- _What is being asked_
Restate, exactly as written, the entries below from the line that holds "390 Nacimiento Lake" through the line that holds "Cute PU Leather". Pictures are not part of the copy.

---

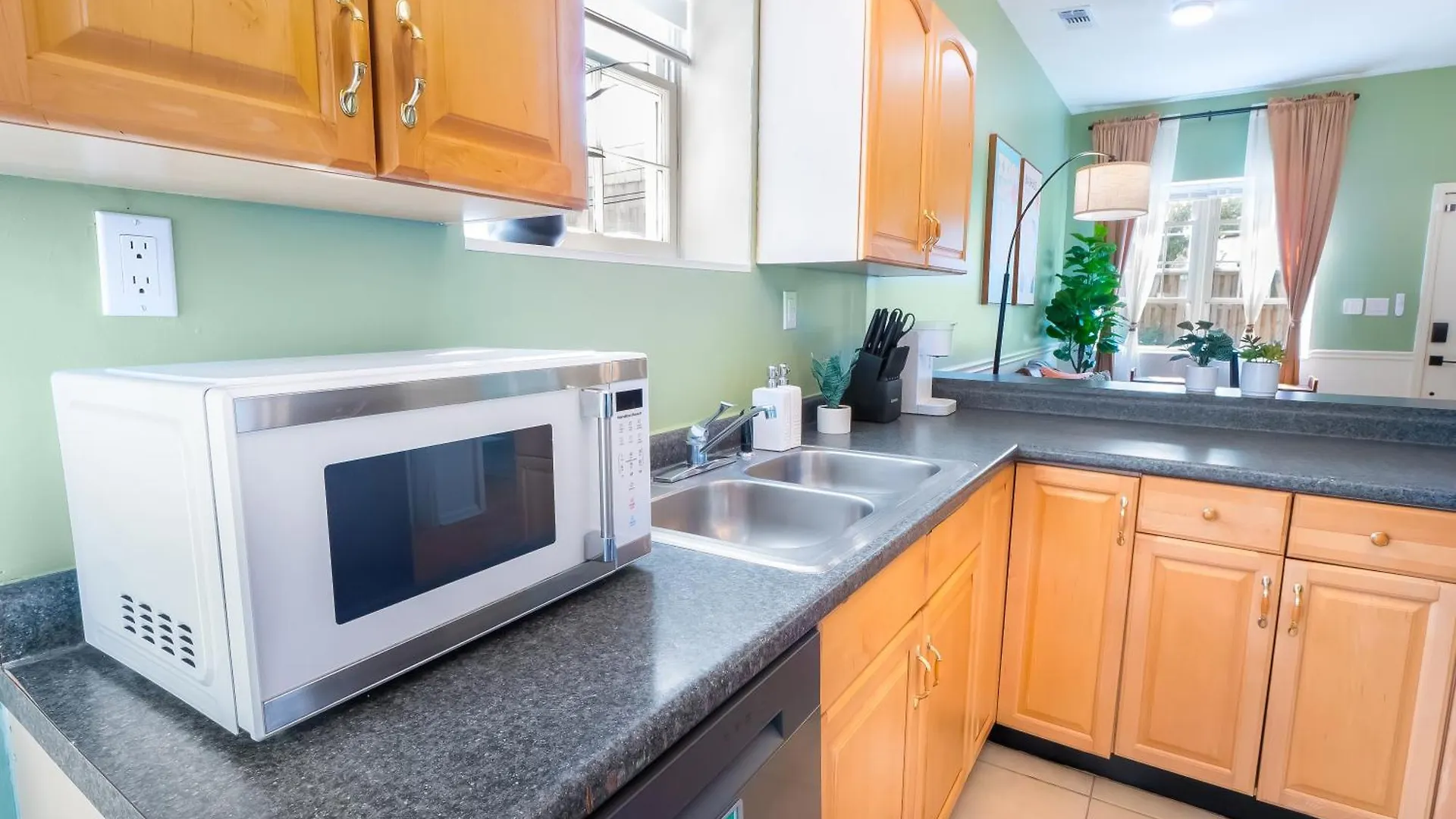 Traveler's Dream - Free Parking Near Forsyth Park *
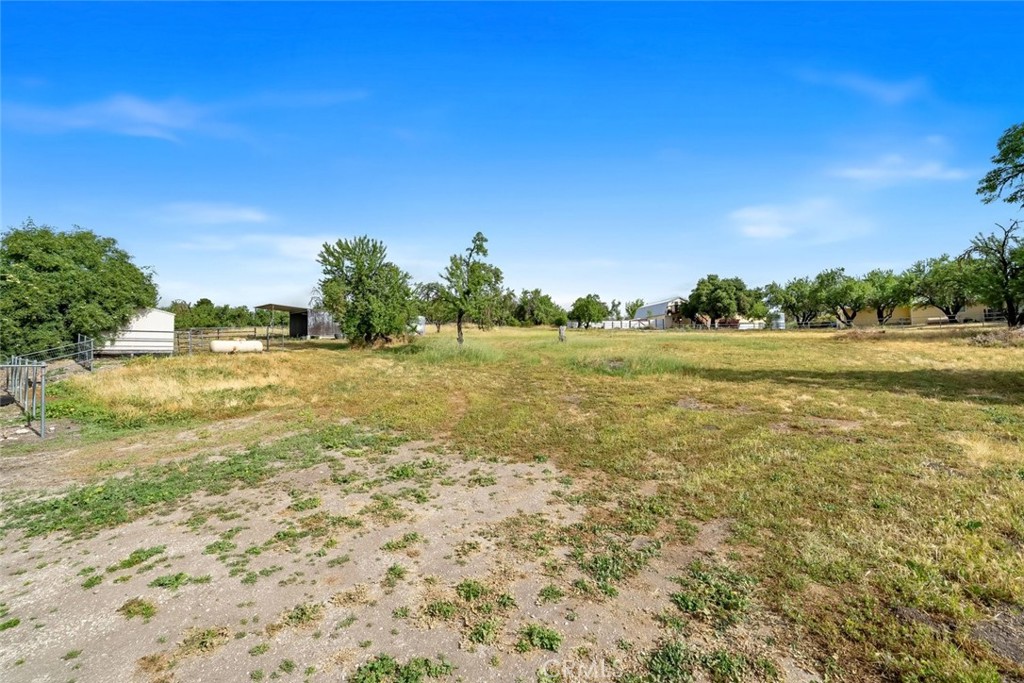 390 Nacimiento Lake Dr, Paso Robles, CA 93446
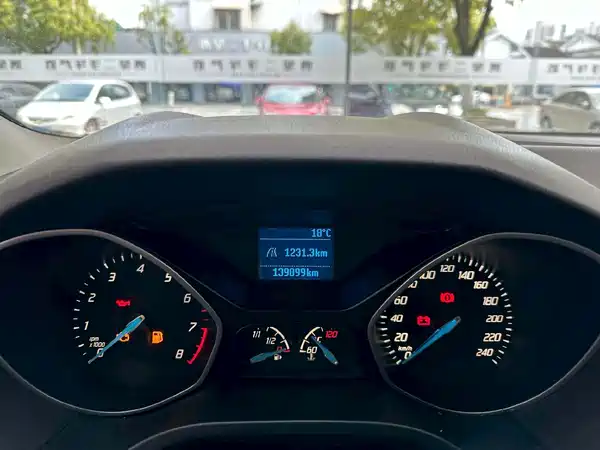 Ford Focus 2012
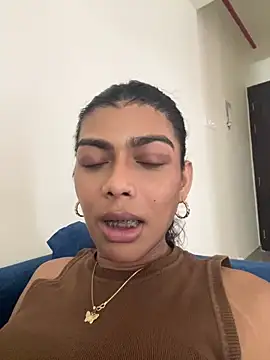 Mayra xx online show from 06/14/26, 11:01
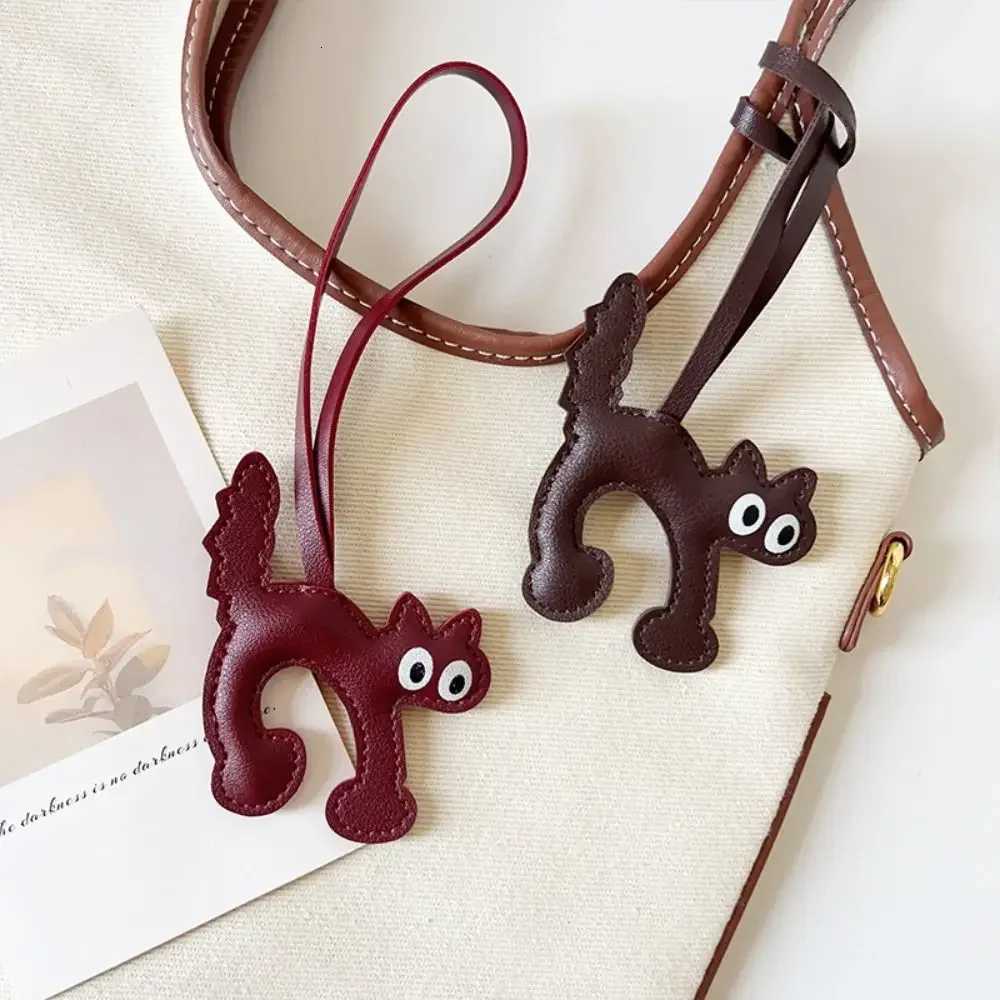 Cute PU Leather PU Leather Cat Hanger Dog Cute Puppy Cartoon Keychain Cartoon Car Keyring Bag Pendant Bag Ornament W251021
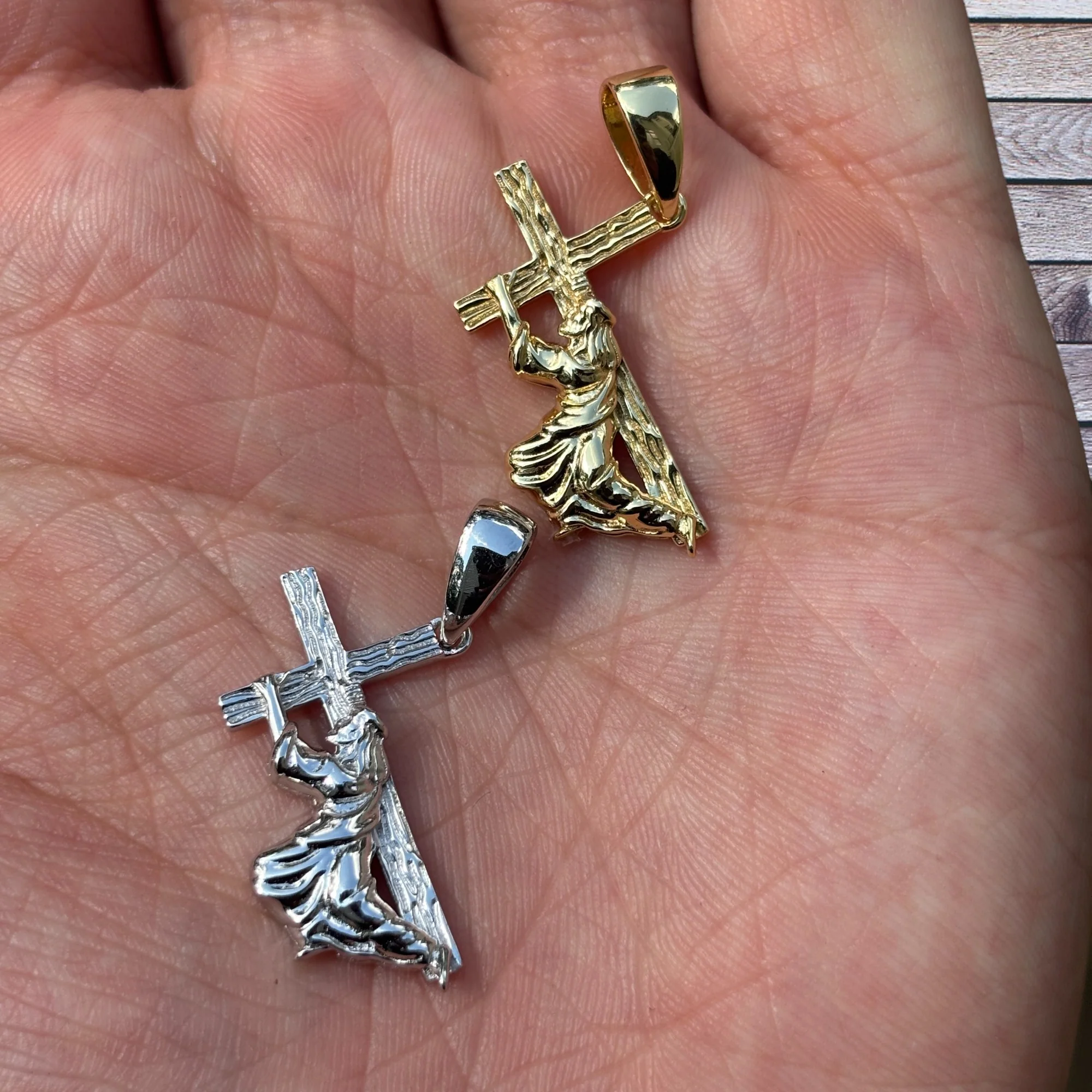 925 Sterling Silver Jesus Carrying Cross Pendant - Small - Image 3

---

- _Exercise solution_
 390 Nacimiento Lake Dr, Paso Robles, CA 93446
 Ford Focus 2012
 Mayra xx online show from 06/14/26, 11:01
 Cute PU Leather PU Leather Cat Hanger Dog Cute Puppy Cartoon Keychain Cartoon Car Keyring Bag Pendant Bag Ornament W251021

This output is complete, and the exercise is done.